JOHN Swinney has bowed to pressure and rewritten the SNP's replacement for stamp duty after being undercut by Tory ­Chancellor George Osborne.

The Finance Secretary will this week announce new rates and bands for his flagship Land and Buildings Transaction Tax (LBTT), just three months after setting them in a blaze of publicity.

The devolved tax, the first to be wholly set and collected in Scotland for more than 300 years, will replace stamp duty north of the Border in April. It is designed to be more progressive than stamp duty, ­helping those buying small homes by taking more tax from those buying larger ones.

It is levied across stepped bands, like income tax, instead of at a single rate like stamp duty.

Swinney's original October plan meant LBTT should have been cheaper than UK stamp duty for 90% of homebuyers, with only those paying more than £325,000 for a house receiving a bigger bill.

However, in a copycat move in December, Osborne announced his own immediate overhaul of stamp duty, undercutting Swinney's version. Overnight, he lowered stamp duty for 98% of homebuyers, with only those paying more than £937,000 facing a bigger bill.

It made the incoming LBTT dearer than stamp duty for ­thousands of middle-class Scots.

Instead of 10% of people paying more with LBTT, the figure became 20%, while the threshold for paying more fell to £254,000, just above the average price of a detached home in Scotland. Since Osborne's move, Swinney has faced mounting calls to U-turn on his LBTT rates.

Last night, he confirmed new rates would be announced to MSPs on Wednesday ahead of a stage one vote on the 2015-16 Scottish budget.

The changes are expected to mean that, as before, only 10% pay more under LBTT than stamp duty.

He said: "At the time of the ­Chancellor's Autumn Statement I said his imitation of my Scottish tax plans was the sincerest form of flattery. On the first occasion I've had to design a tax system for Scotland, the UK Government copied it instantaneously and applied it across the UK.

"Under my proposals - designed for the Scottish market, not London prices - 90% of homebuyers would have been better or no worse off, and 5000 homes would be taken out of taxation all together, helping those at the lower end of the market.

"The Chancellor's decision to introduce a new stamp duty system overnight, without warning and consultation, means that while 80% of homeowners continue to pay less tax or no tax at all under LBTT, we now have the opportunity to review the rates and ensure they are right for Scotland."
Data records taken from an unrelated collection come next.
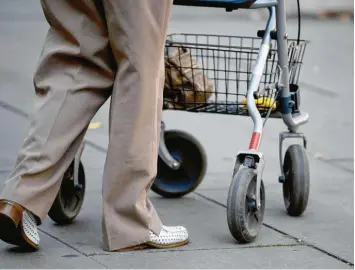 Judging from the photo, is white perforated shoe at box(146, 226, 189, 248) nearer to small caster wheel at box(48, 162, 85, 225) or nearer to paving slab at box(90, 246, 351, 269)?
paving slab at box(90, 246, 351, 269)

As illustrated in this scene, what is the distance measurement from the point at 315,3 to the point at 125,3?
8.94 meters

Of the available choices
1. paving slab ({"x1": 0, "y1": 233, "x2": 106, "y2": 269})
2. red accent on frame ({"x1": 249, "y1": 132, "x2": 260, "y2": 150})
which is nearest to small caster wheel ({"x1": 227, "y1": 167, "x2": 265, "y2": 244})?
red accent on frame ({"x1": 249, "y1": 132, "x2": 260, "y2": 150})

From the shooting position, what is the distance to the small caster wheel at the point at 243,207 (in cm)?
415

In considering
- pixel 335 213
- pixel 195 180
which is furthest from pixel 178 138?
pixel 335 213

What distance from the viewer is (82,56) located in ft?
12.9

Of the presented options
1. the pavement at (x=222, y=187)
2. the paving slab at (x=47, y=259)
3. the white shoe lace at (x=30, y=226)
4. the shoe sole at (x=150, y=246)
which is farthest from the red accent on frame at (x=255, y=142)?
the white shoe lace at (x=30, y=226)

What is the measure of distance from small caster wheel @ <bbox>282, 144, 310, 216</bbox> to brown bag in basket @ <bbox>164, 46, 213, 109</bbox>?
50 cm

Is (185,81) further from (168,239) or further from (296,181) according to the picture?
(168,239)

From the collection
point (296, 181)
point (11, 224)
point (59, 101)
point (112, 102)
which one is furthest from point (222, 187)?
point (11, 224)

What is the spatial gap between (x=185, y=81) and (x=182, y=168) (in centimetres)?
50

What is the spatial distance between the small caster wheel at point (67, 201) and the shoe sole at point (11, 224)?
45cm

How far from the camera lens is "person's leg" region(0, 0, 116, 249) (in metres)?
3.87

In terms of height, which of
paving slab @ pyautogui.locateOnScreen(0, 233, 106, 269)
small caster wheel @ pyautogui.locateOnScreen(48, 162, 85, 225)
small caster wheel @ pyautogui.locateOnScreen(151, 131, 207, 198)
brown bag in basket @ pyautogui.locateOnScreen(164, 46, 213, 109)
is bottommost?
paving slab @ pyautogui.locateOnScreen(0, 233, 106, 269)

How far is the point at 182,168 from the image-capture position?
5059 mm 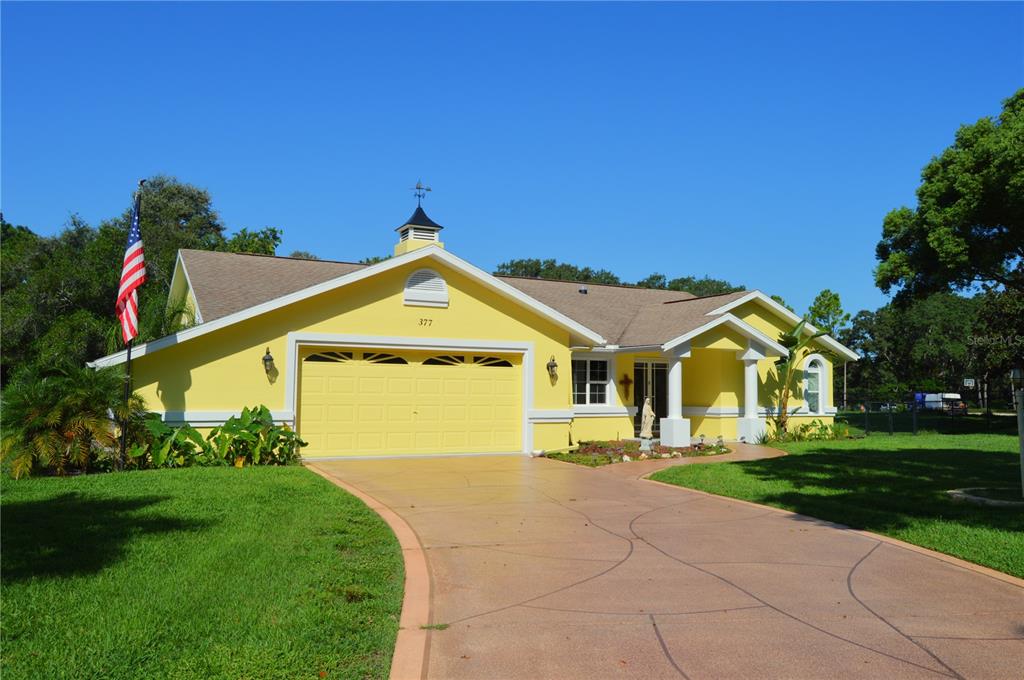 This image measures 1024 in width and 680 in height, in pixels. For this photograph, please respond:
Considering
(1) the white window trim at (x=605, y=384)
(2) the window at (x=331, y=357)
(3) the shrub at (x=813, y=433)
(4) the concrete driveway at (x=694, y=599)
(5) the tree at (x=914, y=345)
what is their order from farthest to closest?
(5) the tree at (x=914, y=345) < (3) the shrub at (x=813, y=433) < (1) the white window trim at (x=605, y=384) < (2) the window at (x=331, y=357) < (4) the concrete driveway at (x=694, y=599)

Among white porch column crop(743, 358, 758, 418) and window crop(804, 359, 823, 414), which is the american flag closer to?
white porch column crop(743, 358, 758, 418)

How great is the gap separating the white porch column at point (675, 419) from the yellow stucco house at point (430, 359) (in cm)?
5

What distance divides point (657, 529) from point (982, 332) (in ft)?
138

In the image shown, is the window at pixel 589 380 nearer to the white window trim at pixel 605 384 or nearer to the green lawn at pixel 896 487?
the white window trim at pixel 605 384

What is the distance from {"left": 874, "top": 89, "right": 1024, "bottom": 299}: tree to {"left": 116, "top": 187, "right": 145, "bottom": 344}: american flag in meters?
18.0

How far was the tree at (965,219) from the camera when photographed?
18297 millimetres

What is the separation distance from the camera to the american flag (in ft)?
46.3

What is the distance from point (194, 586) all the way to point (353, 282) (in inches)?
436

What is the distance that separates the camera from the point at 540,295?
81.7 feet

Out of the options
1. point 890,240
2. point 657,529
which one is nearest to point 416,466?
point 657,529

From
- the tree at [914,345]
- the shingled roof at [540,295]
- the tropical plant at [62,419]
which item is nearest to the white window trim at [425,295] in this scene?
the shingled roof at [540,295]

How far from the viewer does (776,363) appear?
2333 centimetres

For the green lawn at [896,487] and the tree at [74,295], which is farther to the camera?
the tree at [74,295]

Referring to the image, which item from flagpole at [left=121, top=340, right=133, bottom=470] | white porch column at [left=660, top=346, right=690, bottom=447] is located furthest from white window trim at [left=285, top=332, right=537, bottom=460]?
white porch column at [left=660, top=346, right=690, bottom=447] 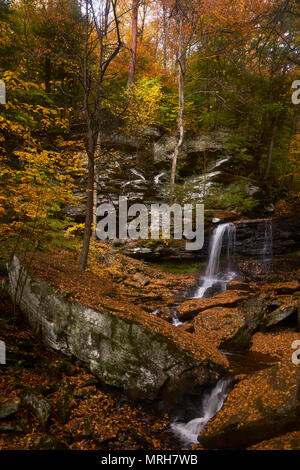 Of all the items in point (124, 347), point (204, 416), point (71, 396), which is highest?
point (124, 347)

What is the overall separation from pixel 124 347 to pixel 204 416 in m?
1.94

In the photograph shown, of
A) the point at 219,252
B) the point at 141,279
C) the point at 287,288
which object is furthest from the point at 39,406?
the point at 219,252

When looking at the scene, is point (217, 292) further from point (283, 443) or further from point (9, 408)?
point (9, 408)

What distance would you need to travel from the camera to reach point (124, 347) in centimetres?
473

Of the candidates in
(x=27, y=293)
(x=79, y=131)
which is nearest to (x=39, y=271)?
(x=27, y=293)

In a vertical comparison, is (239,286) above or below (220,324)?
above

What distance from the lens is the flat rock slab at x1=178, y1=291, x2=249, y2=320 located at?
8312 millimetres

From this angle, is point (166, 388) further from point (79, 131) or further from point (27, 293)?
point (79, 131)

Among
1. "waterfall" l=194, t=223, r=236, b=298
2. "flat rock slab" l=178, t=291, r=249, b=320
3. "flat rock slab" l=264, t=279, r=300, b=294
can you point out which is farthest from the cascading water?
"flat rock slab" l=178, t=291, r=249, b=320

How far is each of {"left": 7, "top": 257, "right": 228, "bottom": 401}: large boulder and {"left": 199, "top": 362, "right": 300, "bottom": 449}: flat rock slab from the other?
2.30 feet

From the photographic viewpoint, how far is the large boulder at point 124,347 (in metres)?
4.59

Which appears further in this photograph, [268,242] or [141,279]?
[268,242]

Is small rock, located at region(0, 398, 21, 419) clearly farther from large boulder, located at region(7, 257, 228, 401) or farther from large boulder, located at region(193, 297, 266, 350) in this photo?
large boulder, located at region(193, 297, 266, 350)

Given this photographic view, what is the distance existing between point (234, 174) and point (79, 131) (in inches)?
438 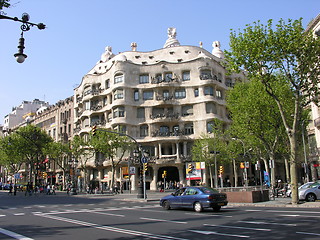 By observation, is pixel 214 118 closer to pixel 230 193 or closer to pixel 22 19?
pixel 230 193

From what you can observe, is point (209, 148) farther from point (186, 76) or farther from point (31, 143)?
point (31, 143)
The shift follows a deal with the UK Government that gave Swinney £64 million more than he had forecast. The Treasury was expected to cut Scotland's block grant by £558m to offset income from LBTT and a devolved landfill tax, but instead cut £494m.

Previous UK stamp duty was long criticised as an unfair "slab tax", kicking in at £125,000 and with 1% charged on sales up to £250,000, 3% on those between £250,000 and £500,000, 4% on those between £500,000 and £1m, 5% on sales over £1m and 7% on sales over £2m.

Osborne has made stamp duty more like income tax. Now, the first £125,000 is tax-free, then 2% is levied on the portion up to £250,000, 5% on the portion up to £925,000, 10% on the slice up to £1.5m, and 12% on anything over that. It means a cut of £4500 in tax on the average priced UK home, which now costs £275,000.